The premise of the Phuket Epic Food series is fairly simple – we focus on the remarkable. What is not simple though, are the dishes we present here. Only the most extraordinary, noteworthy, delightful, or in other words, epic meals served at Phuket restaurants make it onto our list. This isn’t your daily bread, but meals for a special occasion, once in a lifetime experiences.
Now, where to begin such a series? How to start on a high note? Should we dive into the extravagant? Look for something completely off the charts? Or maybe better begin with a strong foundation; a classic. And what’s more fundamental to a traditional restaurant menu than a juicy steak?
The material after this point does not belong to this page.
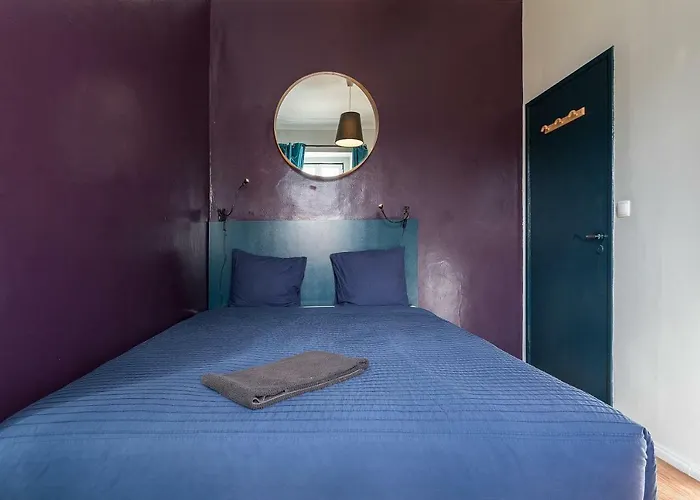 Lägenhet Chiado Bairro Alto, Bright And Newly Renovated 3 Bedroom Apartment, Historical Center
However, no ordinary cut of “Australian Wagyu” deserves the noble badge of Epic. What does, is a cut of meat with a heritage as great as its size, and a flavour to match it. The gorgeous Manzetta Prussiana steak, served at Cape Sienna’s Plum Prime Steakhouse is exactly that.
Its story begins long before it’s served on Plum’s terrace overlooking a breathtaking sea vista. And far, far away, in Poland, where the small Holstein breed cattle roams freely on the pastures of a region known as The Land of a Thousand Lakes. Mazury, because that’s what that place is called, used to be a part of a prominent German state of Prussia, hence the beef cut’s name – Manzetta Prussiana. It’s from Mazury’s pastures that the world-renowned Jolanda De Colò, a household name when it comes to the best meats supplied to the world’s very best restaurants, selects only the young females, below 30 months old, and for the last couple of months before the butcher performs his duty, feeds them exclusively on sugar beet.
The resulting meat is incredibly red, sweet and with outstanding marbling and is delivered, fresh, to Phuket, where it lands in the carrying hands of one of the island’s most ardent foodies, Cape Sienna Executive Chef Francesco Greco. Before the steak lands on the red-hot grill, chef Greco gently massages it with coarse Balinese salt and freshly ground Malabar pepper, leaves it to rest for at least half an hour to allow the seasoning to infuse the meat, and then massages it once more, this time with extra virgin olive oil made from particularly flavorful “Sabina” olives, which grow on the hills surrounding Rome. Then, and only then, is it ready for the charcoal-fired oven.
The steak is first placed flat on the grill, to mark both sides sharply, followed by slow roasting standing up on its bone, to allow the heat to gradually penetrate the meat. When ready, the steak, all 1.5 kg of it, is enfolded in a clean cloth and kept in a warm place for 20 minutes to settle, before it arrives at the table and is deboned and sliced in front of the guest.
And now the million-dollar question – What does it taste like? I should know, I tried it, along with four made in-house sauces – Béarnaise, Bordelaise, Lexington Dip and Chimichurri Verde, and the Beurre Cafè De Paris butter. But knowing doesn’t equal being able to tell the story, even if one tells stories for a living. I could try using adjectives such as toothsome and delectable, I could throw in words like umami, I could play around with metaphors. …but I won’t. None of those would do Manzetta Prussiana justice. Forgive me, but in the face of such steak perfection, I have just one word to offer – it’s Epic.